2.2. Solution on the Compressible Fluid Case

Using the Fourier series method, the velocity can be written in a harmonic function with a frequency of $\omega$. This implies that:

$$\frac{{\partial }^{2}u}{\partial t^2}=-{\omega }^{2}u$$

(9)

For the physical property of the fluid, the density changes slightly, but the change of density over time and space cannot be neglected. Thus, in this paper, the density is assumed to be a constant as ${\rho }_o$, but the changes of density over time and space have to be considered in the solution. From Equation (2), pressure can be obtained by the integration between limits from $r$ to the unbounded position:

$$\Delta p=p-p_0=-{\rho }_o{\displaystyle {\int }_r^{\infty }\frac{\partial u}{\partial t}}dr+\frac{{\rho }_o}{2}{u}^2,$$

(10)

From Equation (10), it is found that the pressure comes from two parts: the local acceleration, which is the velocity changes with respect to time, and the convective acceleration, which is the change in velocity with respect to space. It should be noted that there is only one boundary condition with respect to the pressure as prescribed in Equation (6). Therefore, the pressure at the position of $r$ is an unknown value. This implies that there is an arbitrary constant that needs to be determined in Equation (10). For the assumption of $u_s\ll c$, the second term of Equation (10) is very small.

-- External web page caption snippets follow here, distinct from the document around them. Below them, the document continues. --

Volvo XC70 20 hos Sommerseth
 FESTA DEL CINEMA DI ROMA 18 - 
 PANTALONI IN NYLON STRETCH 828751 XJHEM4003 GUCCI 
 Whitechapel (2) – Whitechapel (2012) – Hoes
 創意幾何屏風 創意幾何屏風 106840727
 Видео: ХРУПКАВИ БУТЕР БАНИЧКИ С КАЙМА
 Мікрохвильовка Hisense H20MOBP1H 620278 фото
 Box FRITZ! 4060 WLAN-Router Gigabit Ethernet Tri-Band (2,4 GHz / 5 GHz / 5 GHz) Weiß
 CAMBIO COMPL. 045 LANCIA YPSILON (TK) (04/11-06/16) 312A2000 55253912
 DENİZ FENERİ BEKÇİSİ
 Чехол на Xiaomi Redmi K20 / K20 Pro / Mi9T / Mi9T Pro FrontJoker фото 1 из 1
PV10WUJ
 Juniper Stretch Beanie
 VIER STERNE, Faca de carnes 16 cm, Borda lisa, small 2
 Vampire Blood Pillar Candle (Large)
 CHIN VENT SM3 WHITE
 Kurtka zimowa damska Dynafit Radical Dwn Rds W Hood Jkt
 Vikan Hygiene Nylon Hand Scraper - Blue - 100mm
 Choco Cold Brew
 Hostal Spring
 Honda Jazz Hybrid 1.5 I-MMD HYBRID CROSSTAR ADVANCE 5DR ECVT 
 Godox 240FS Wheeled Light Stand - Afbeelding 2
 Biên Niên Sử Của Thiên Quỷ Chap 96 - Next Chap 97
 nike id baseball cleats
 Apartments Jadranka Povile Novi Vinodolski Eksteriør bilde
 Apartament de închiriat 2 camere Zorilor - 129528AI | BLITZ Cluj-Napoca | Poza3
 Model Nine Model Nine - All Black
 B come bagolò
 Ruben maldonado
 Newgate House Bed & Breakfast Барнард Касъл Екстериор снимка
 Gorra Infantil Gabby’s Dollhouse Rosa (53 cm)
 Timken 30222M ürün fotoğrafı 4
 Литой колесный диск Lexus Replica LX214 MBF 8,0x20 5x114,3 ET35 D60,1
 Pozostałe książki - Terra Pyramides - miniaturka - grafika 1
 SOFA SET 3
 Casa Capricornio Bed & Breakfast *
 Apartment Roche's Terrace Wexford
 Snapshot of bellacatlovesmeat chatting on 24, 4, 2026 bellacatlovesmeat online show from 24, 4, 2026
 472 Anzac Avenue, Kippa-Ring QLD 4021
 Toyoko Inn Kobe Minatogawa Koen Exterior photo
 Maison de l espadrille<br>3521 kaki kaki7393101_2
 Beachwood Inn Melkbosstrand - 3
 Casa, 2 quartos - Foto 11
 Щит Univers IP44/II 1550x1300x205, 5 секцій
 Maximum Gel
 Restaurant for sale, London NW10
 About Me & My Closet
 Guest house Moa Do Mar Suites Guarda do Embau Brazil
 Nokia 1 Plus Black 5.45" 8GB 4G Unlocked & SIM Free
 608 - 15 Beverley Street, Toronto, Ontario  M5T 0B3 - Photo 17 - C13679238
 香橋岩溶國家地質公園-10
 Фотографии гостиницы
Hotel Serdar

After neglecting the convective acceleration (the second term) and substituting the local acceleration (the first term) to the continuous equation of Equation (2), it can be obtained as follows:

$$-\frac{{\omega }^2}{c^2}{\displaystyle {\int }_r^{\infty }u}dr+\frac{\partial u}{\partial r}+\frac{2u}{r}=0.$$

(11)

Equation (11) can be simplified as Equation (12) below after a derivative by $r$. Having an arbitrary constant in pressure discussed above, two boundary conditions are necessary to solve Equation (11), although it is a first order differential equation. The two boundary conditions are the same as Equation (12):

$$\frac{{\partial }^{2}u}{\partial r^2}+\frac{2}{r}\frac{\partial u}{\partial r}+(\frac{{\omega }^2}{c^2}-\frac{2}{r^2})u=0,$$

(12)

Let $s=\frac{\omega }{c}r$, and the above equation can be expressed in terms of the classical Bessel equation as follows:

$$s^2\frac{{\partial }^{2}u}{\partial s^2}+2s\frac{\partial u}{\partial s}+(s^2-1\times 2)u=0.$$

(13)

Equation (13) is a classical Bessel equation, so the solution can be derived as:

$$u=A\cdot j_1(s)+B\cdot y_1(s),$$

(14)

where $A$ and $B$ are the arbitrary functions of the time, and $j_1(s)$, $y_1(s)$ are the first and the second-order Bessel function, respectively. Applying the boundary conditions into Equation (14), it can be rewritten as Equation (15) shows:

$$\{\begin{array}{l}{A\cdot j_1(s)+B\cdot y_1(s)|}_{r=r_s}=u_s(t)\\ {A\cdot j_1(s)+B\cdot y_1(s)|}_{r=R->\infty }=0\end{array}$$

(15)

Thus, to get the exact solution, there are only $A$ and $B$ left to be confirmed. It should be noted that when $r=R\to \infty$, both $j_1(s_R)$ and $y_1(s_R)$ converge to zero. Therefore, the second term of the boundary condition is satisfied naturally. In such cases, taking into account that $u$ is a harmonic function, it can be assumed that:

$$A=C\cdot \cos (\omega t+\phi ),B=C\cdot \sin (\omega t+\phi ).$$

(16)

According to the first term of the boundary conditions, the amplitude and phase angle will be equal to that of initial vibration, so that $A$ and $B$ can be confirmed. In addition, it is found that the solution can be determined totally by the boundary condition $u_s(t)$.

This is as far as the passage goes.